O que a Igreja diz sobre: Tatuagens e Piercings?

Atualmente tatuagens e piercings são culturalmente aceitos pela sociedade. É uma expressão artística e de embelezamento. Mas nem sempre foi assim. O seu uso era restrito a alguns grupos marginais. Já foi sinal de rebeldia e de protesto. Pessoas com tatuagens eram vítimas de preconceito e exclusão. Mas o cenário mudou. E em virtude desta mudança de pensamento, alguns cristãos sentem-se tentados a marcar o corpo com tatuagens e piercings. Mas é lícito? O que a Igreja diz sobre o uso de tatuagens e piercings?

Tatuagens e piercings são usados pelo ser humano desde a antiguidade. Registros arqueológicos situam os primeiros sinais entre 4000 a 2000 a.C. no Egito e Polinésia. Estes símbolos serviam como uma marca de algum grande feito ou virtude (Para os esquimós do Alasca, o piercing do lábio e na língua significava o momento da transição para o mundo adulto e significava que a criança tinha se tornado caçador), destaque no grupo (O piercing do nariz era reservado às castas mais altas na Índia), efeitos de um ritual religioso ou simplesmente como ferramenta de inclusão num clã ou grupo social.

É necessário esclarecer que a Igreja não proíbe o uso de tatuagens e piercings.

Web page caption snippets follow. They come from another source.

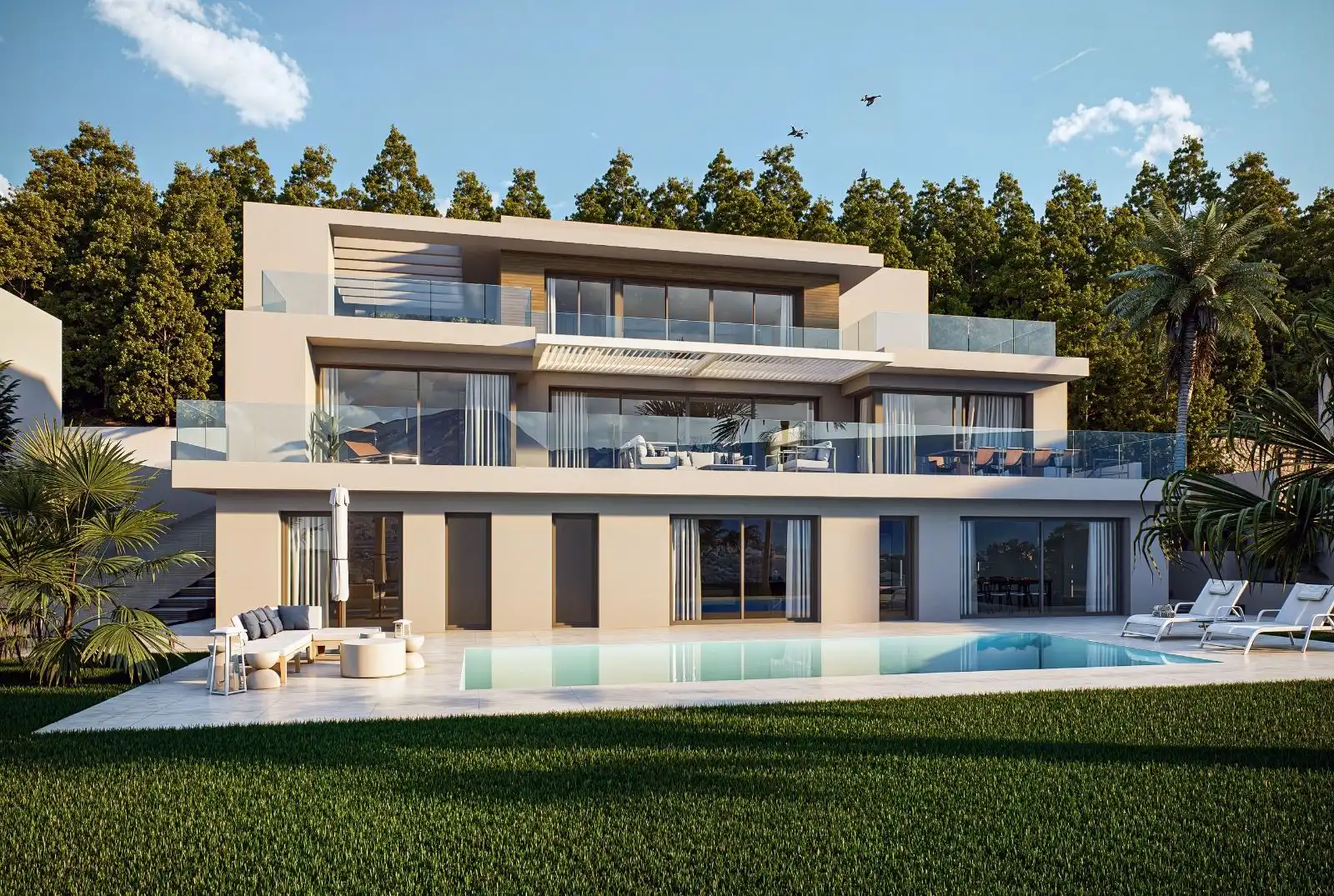 Exterior view of Houses for sale in Altea  with Air Conditioner, Private garden and Terrace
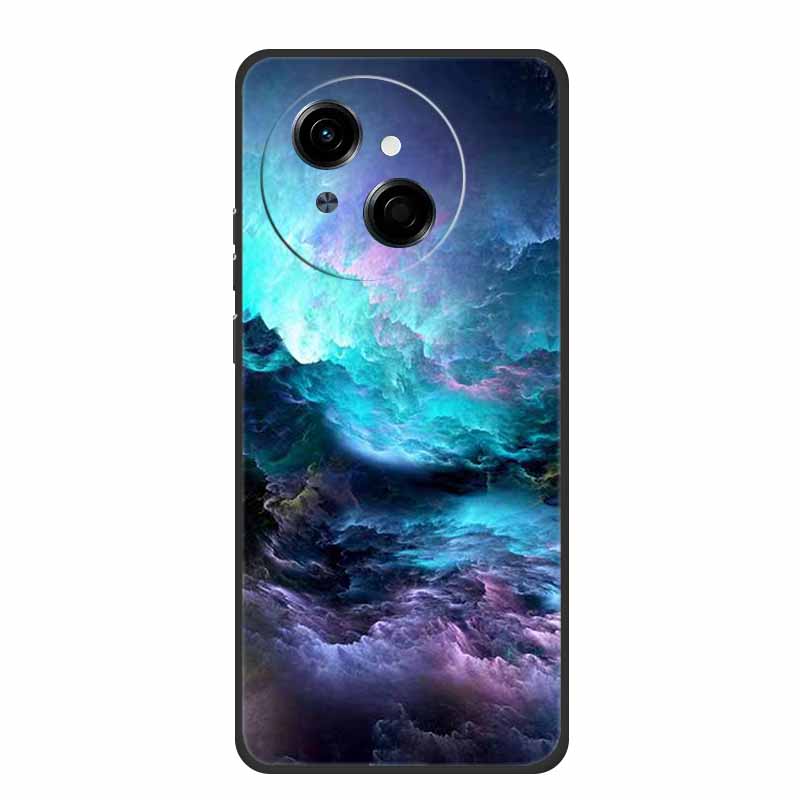 Phone Case For Tecno Spark Go 1 S Back Cover Case 6.67" Black Silicone Soft TPU Coque For Tecno Spark Go 1S Case Go1S Funda Para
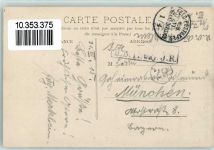 65110 Cauterets 1915 - Feldpost WK I C`VI. Infant-Division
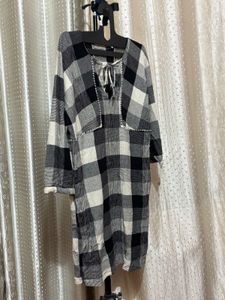 Checkered Tunic middi top
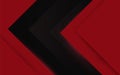 Abstract red and black triangles shape background. Abstract speed movement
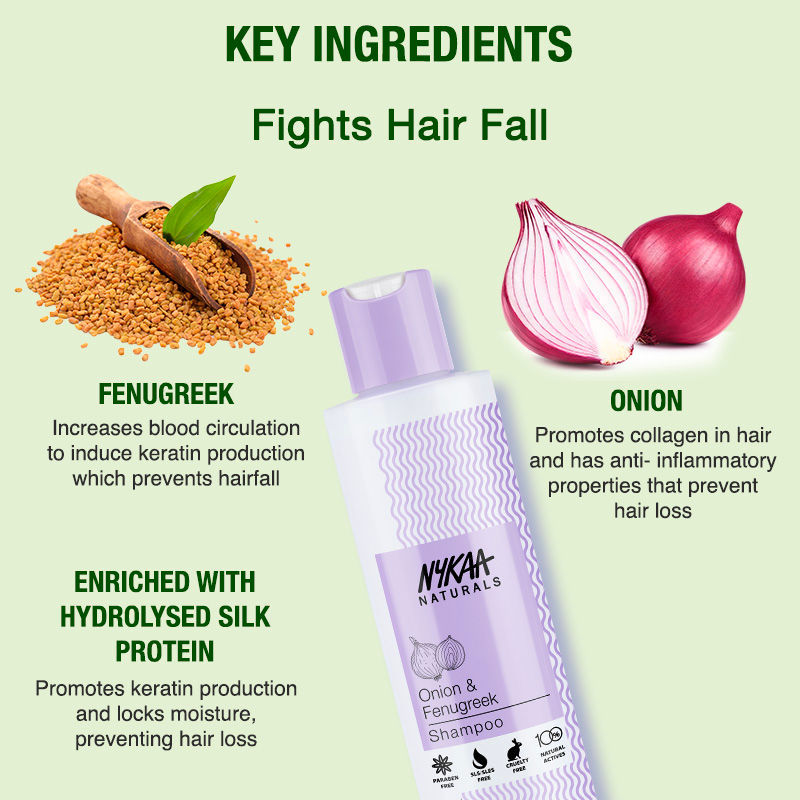 Nykaa Naturals Anti-Hair Fall Sulphate-Free Shampoo - PUSHMYCART
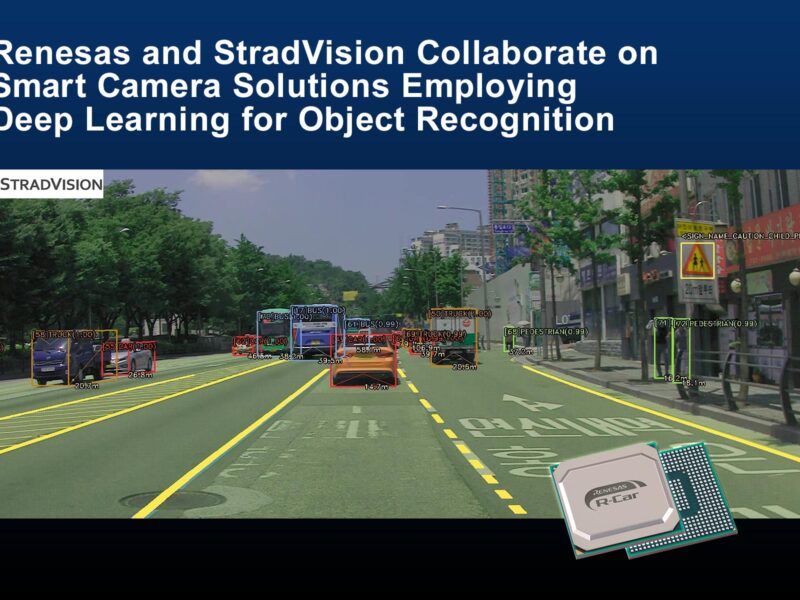 Collaboration on smart camera development for ADAS systems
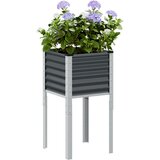 vidaXL Vrtna sadilica antracit 45x45x88 cm čelična Cijene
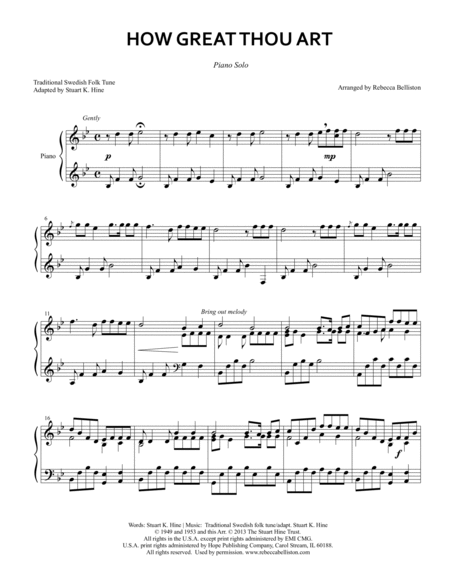 For the Love of Hymns (LDS Hymns for Solo Piano)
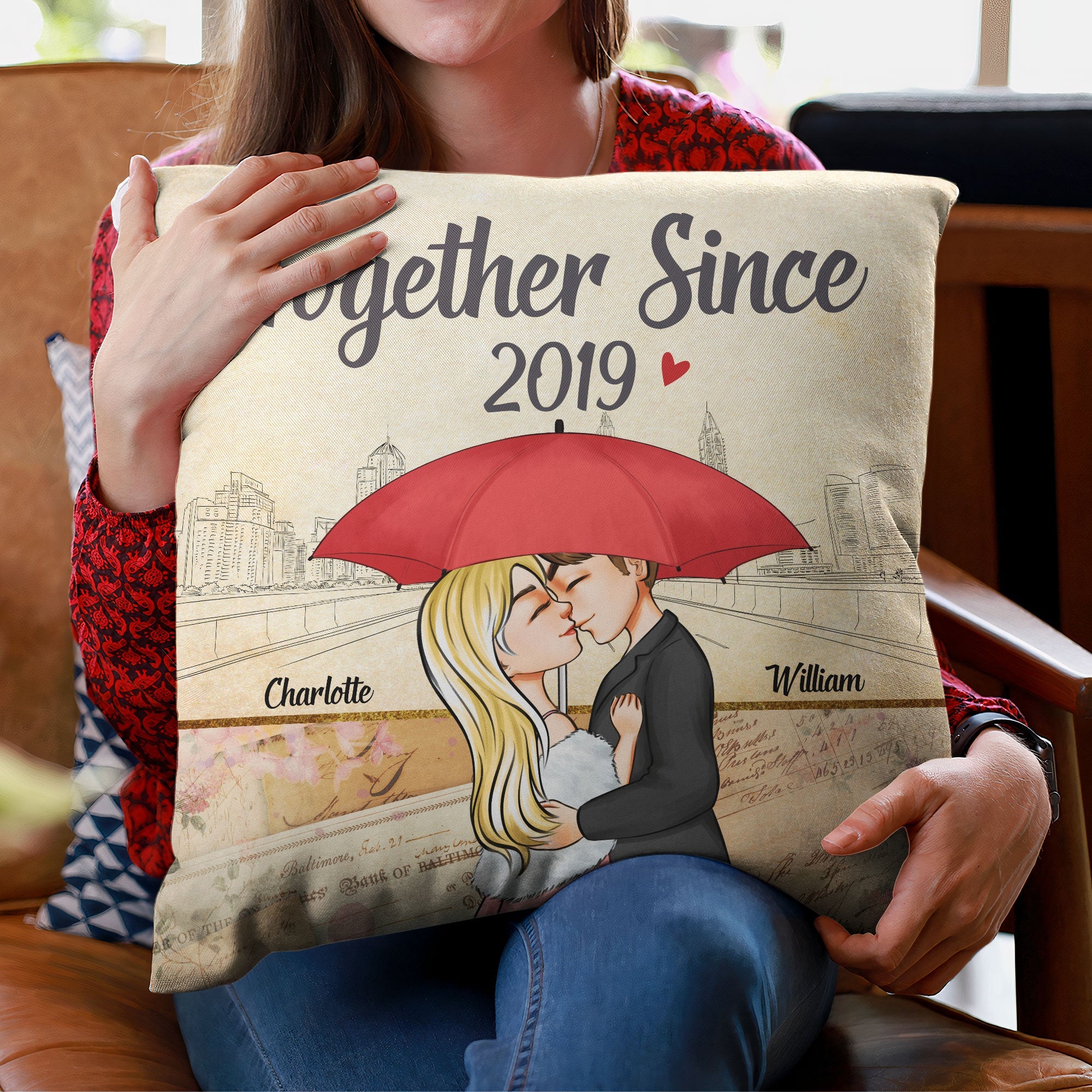 Personalised 2024 boyfriend pillow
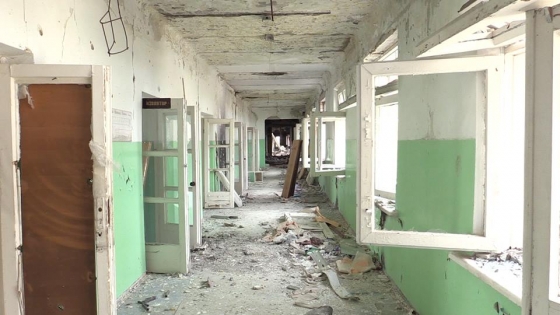 Славянск восстанавливают областную психиатрическую больницу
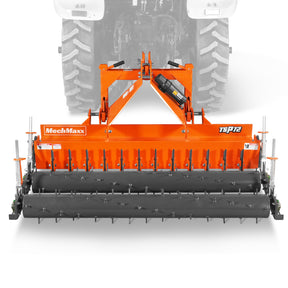72" Heavy Duty Soil Pulverizer,  Double Spiked Roller,  25 Shanks,  Category 1 and 2,  3 Point Hitch Tractor Attachment,  TSP72D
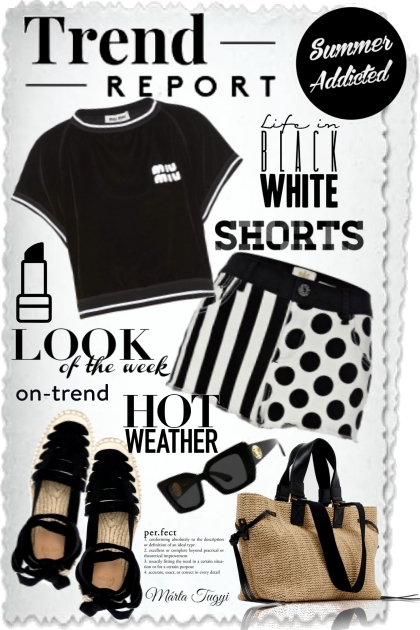 Life in black and white- Fashion set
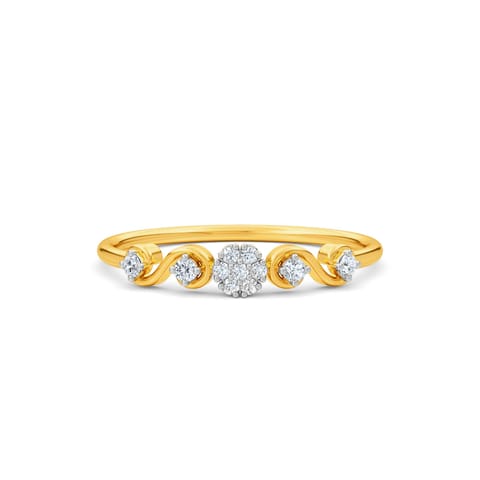 Radiant Stack Diamond Ring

Muito menos exclui aqueles que os usam! Entretanto, a santa Igreja de Cristo nos leva a uma profunda reflexão sobre marcar permanentemente o nosso corpo.

A primeira questão a qual devemos refletir é que “Tudo me é permitido, mas nem tudo convém”. (1 Cor 6, 12). Antes de fazer uma tatuagem ou pôr um piercing é interessante fazer 3 perguntas básicas: Posso? Devo? Quero? Se respondermos ao menos um não a qualquer uma das perguntas ou caso fiquemos em dúvida ao respondê-las é porque talvez não seja lícita tal atitude. Para a nossa vida espiritual vale também uma regra importantíssima para quem dirige quaisquer meios de transporte: Em caso de dúvida, não ultrapasse!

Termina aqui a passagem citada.